Kürzlich setzten die SBB den "Roten Pfeil" für eine
Extrafahrt von Solothurn nach Bern ein. Ehrengast war der 67-jährige
Schriftsteller Peter Bichsel. Er hat in der Erzählung "Churchill
und Onkel Jones" eben diesem Zug literarisch die Referenz erwiesen.
Der kurze Text illustriert die Vergänglichkeit von Formeln und
Begriffen. In Bichsels Jugend war der Rote Pfeil eine Art Kultfahrzeug,
doch schon seine Schüler reagierten mit Unverständnis, als
ihr Lehrer auf einer Schulreise mit dem Triebzug ins Schwärmen
geriet.
Auf wenig Verständnis stösst auch "Der Mann mit dem Gedächtnis"

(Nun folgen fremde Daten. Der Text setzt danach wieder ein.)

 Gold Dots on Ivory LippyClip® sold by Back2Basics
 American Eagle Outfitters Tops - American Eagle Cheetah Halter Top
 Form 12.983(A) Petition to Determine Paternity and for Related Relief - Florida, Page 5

- so der Titel einer anderen Erzählung zum Thema Eisenbahn - der
den Fahrplan auswendig kennt. Da er von jedem Zug genau weiss, wann
er wo ankommt, hält er das Reisen selber für überflüssig.
Und er versucht vergeblich, die Passagiere von ihrem eitlen Tun abzuhalten.

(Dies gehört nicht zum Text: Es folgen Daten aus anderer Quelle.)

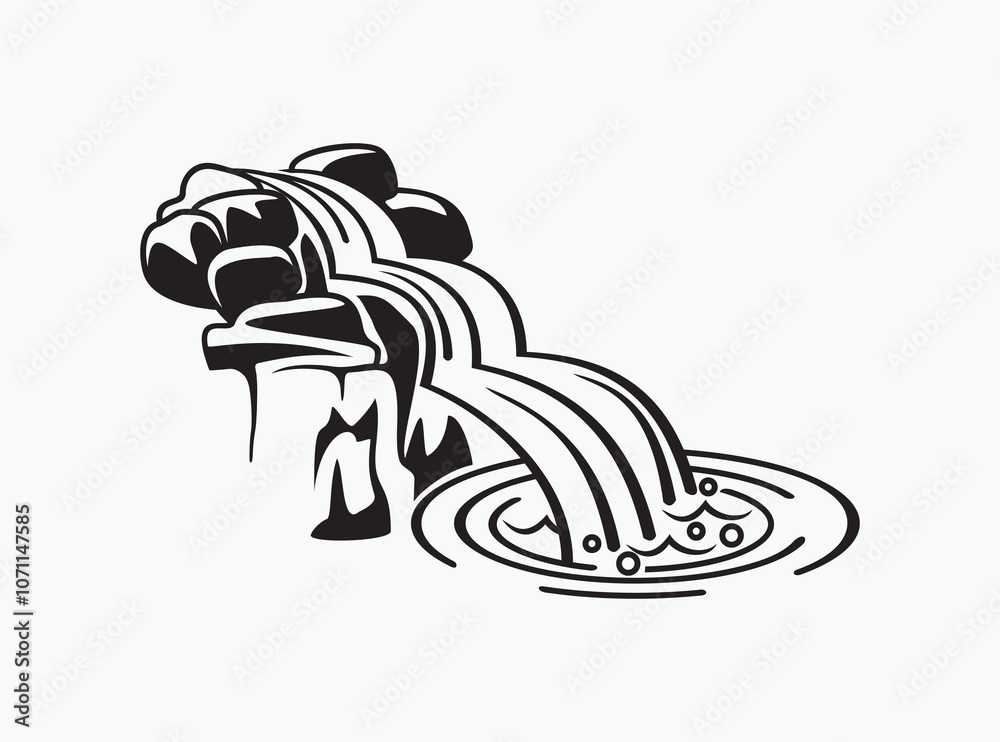 Fototapeta premium waterfall icon vector isolated, simple hand drawing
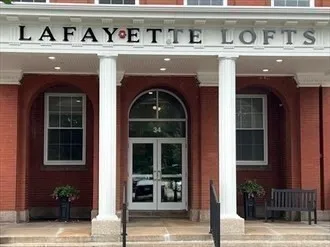 a front view of a building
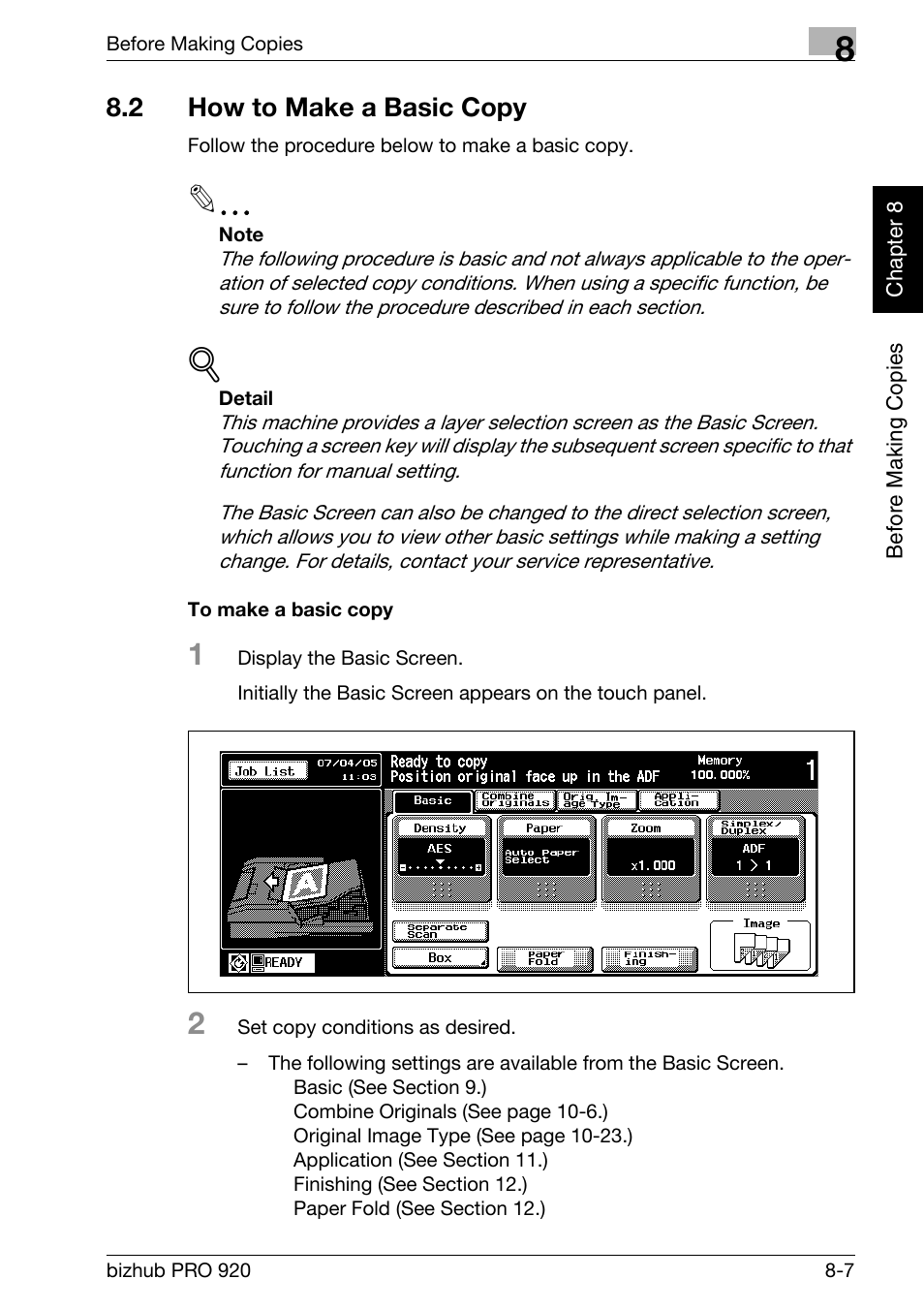 2 how to make a basic copy, How to make a basic copy -7, To make a basic copy -7 | Konica Minolta BIZHUB PRO bizhubPRO920 User Manual | Page 153 / 410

So leben beide Seiten in einem System von gegenseitig vermuteten Vergeblichkeiten,
was für die Leserinnen und Leser durchaus anregend und amüsant
ist.
Doppeltes Reisen
Die typischen Bichselgestalten sind oft einer skurrilen und nicht eben
profitablen Idee verfallen, die sie konsequent in die Tat umsetzen.
Etwa der Mann aus den Kindergeschichten, der die Dinge des täglichen
Bedarfs umtauft, bis ihn keiner mehr versteht. Bichsels Figuren sind
Ideologen und gleichzeitig AntiIdeologen. Ihr Angefressensein ist von
scheinbar harmloser Natur. Es verführt nicht die Massen, aber es
führt die Betroffenen in eine fast heitere Einsamkeit.

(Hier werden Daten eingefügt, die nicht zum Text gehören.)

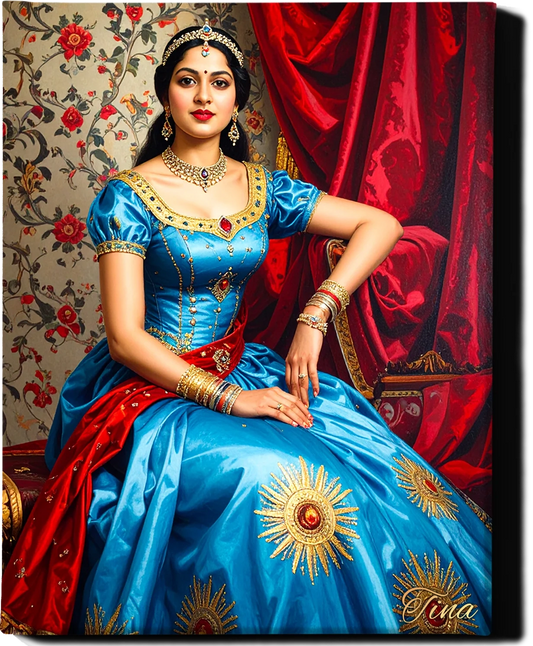 Custom Royal Human Portrait | Indian Royal Maharani 2 | Personalized Wall Art Gift for her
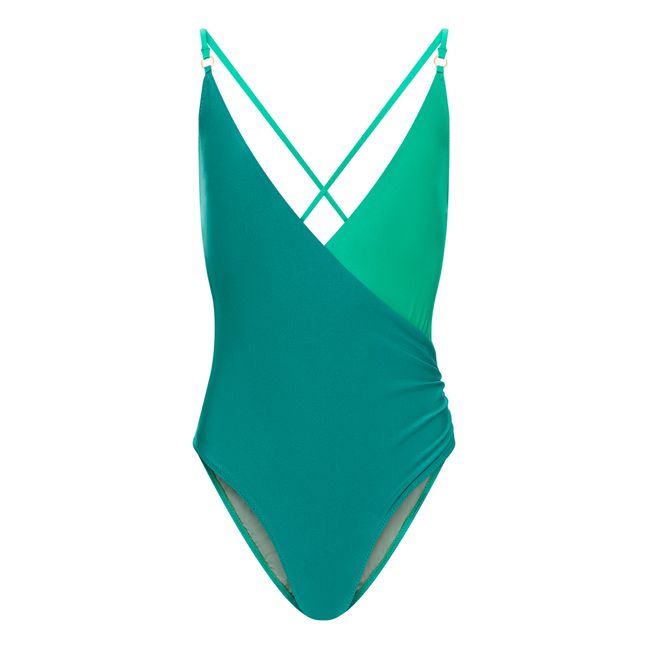 Maillot de bain 1 pièce Bicolore | Vert émeraude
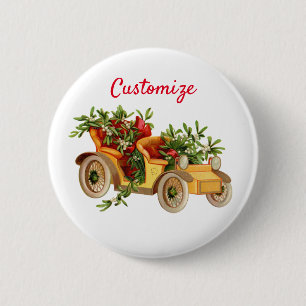 Vintage Car Kerstmis Mistletoe Thunder_Cove Ronde Button 5,7 Cm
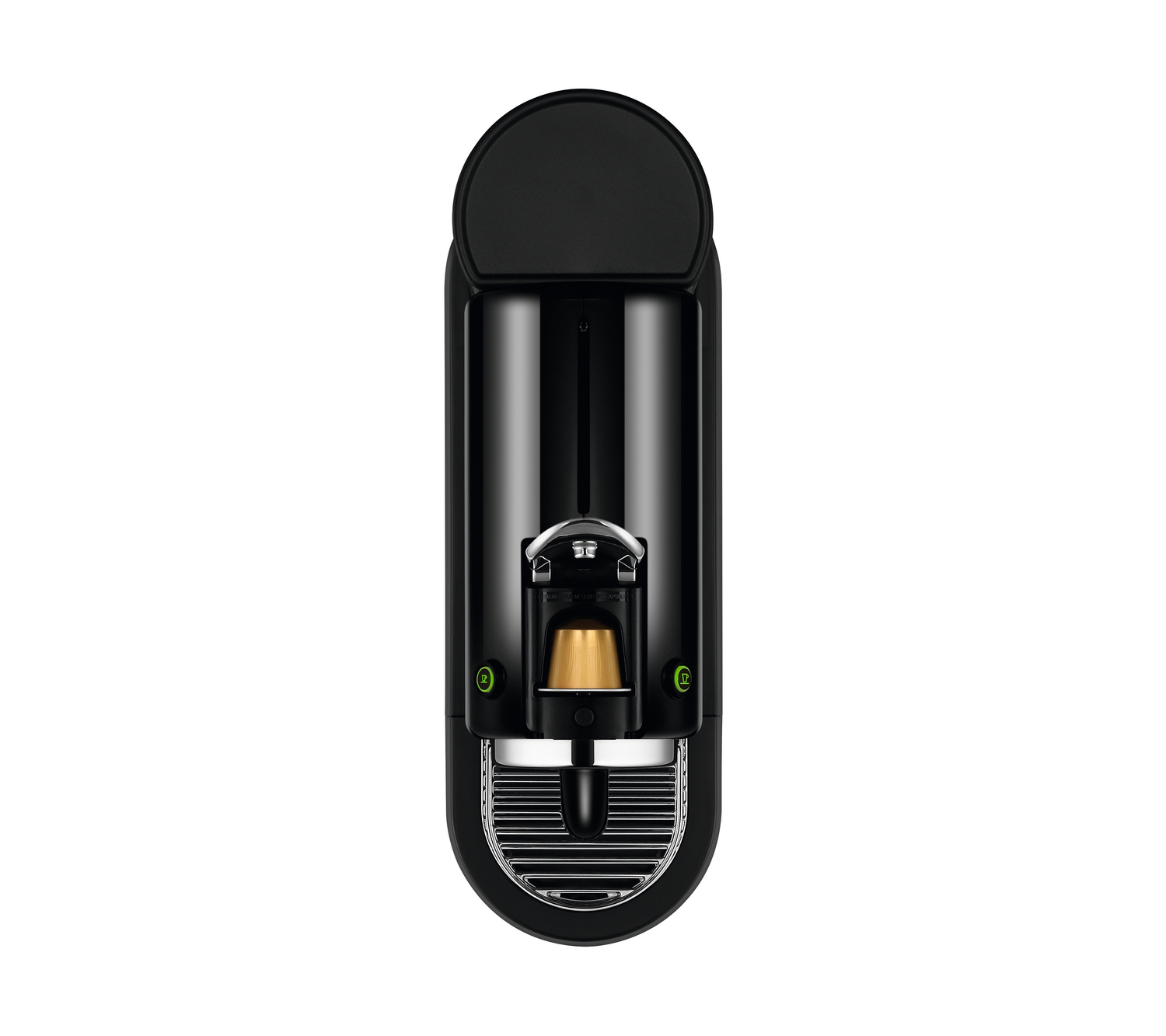 Máquina Nespresso negra con una cápsula de café dorada. La máquina tiene un diseño elegante con base curvada.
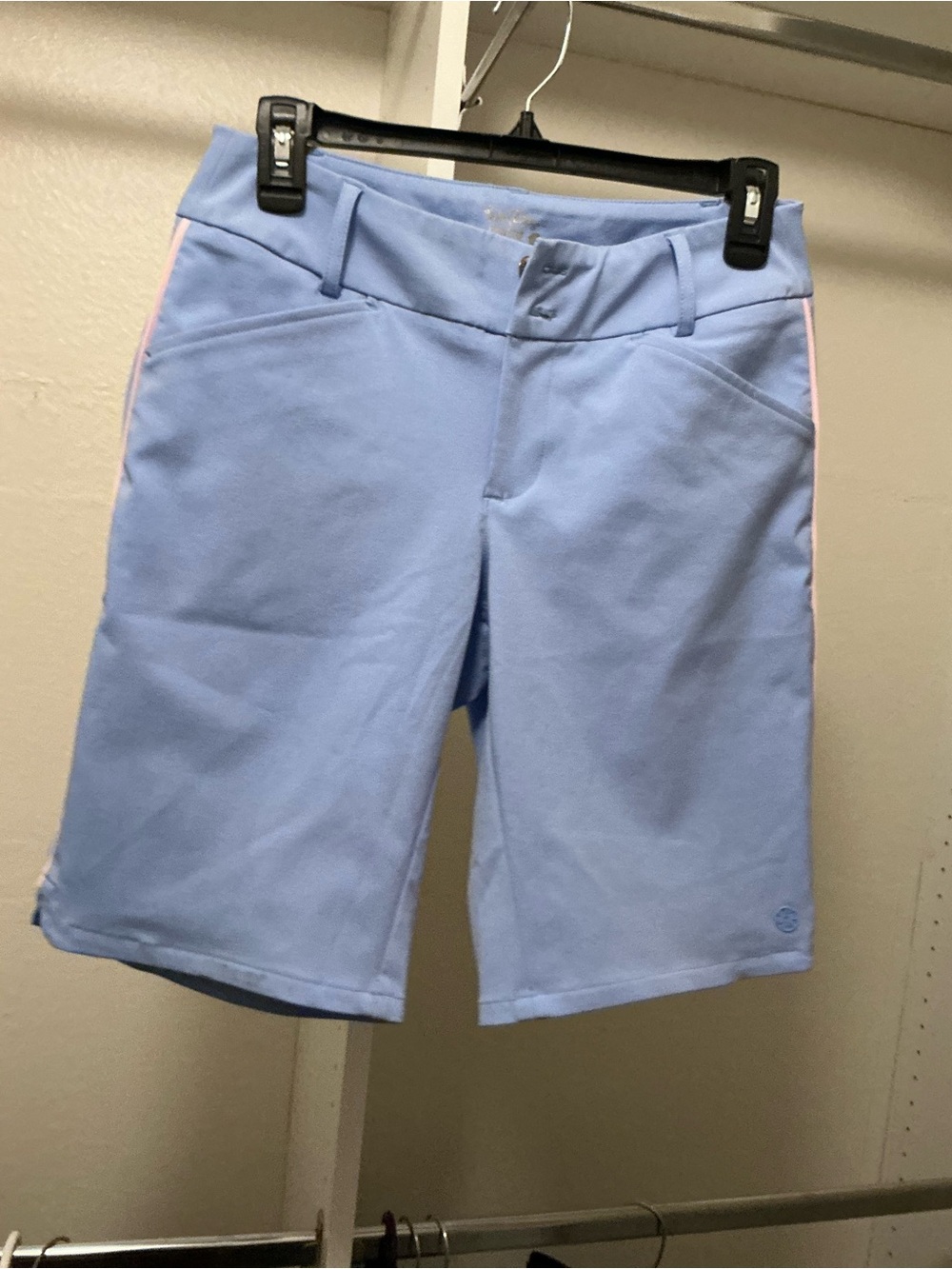 Lilly Pulitzer Light Blue Golf Shorts with Pink Side Trim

Wie jene des Fahrplanmannes finden Bichsels eigene Reisen im Kopf statt.
Das hält ihn aber nicht davon ab, auch wirkliche Züge zu besteigen.
In seinen besten Momenten tut er beides gleichzeitig. Ein paar Birken,
die er am Jurafuss durch das Zugfenster im Nebel ausmacht, entführen
ihn nach Sibirien. Statt mit den SBB ist er dann zusammen mit seinen
Lesern mit der Transsibirischen Eisenbahn unterwegs. Bichsel reist im
Zug im Kopf. Er beherrscht und zelebriert die Kunst des doppelten Reisens.
Auch ihm passiert es, dass er nicht verstanden wird, dass ein Leser
findet, er habe ein "Gnusch im Fadechörbli". Für
Bichsel ist das der Anlass, den Faden weiter zu spinnen und darüber
zu philosophieren, dass weder der Jura noch die übrigen Berge an
und für sich schön seien: "Auch der grossartige Anblick
der Alpen findet in meinem Kopf statt." Doch so sehr er sich bemüht:
Der Schriftsteller scheitert mit dem Versuch, sich die Alpen als erschrecken
und hässlich auszumalen, wie sie den Leuten vor Albrecht Haller
erschienen sind. Da stösst sogar die Reise im Kopf an Grenzen.
Im Raucherabteil
"Reisen bildet", könnte der Untertitel der Erzählungen
und Kolumnen lauten, die im Bändchen "Eisenbahnfahren"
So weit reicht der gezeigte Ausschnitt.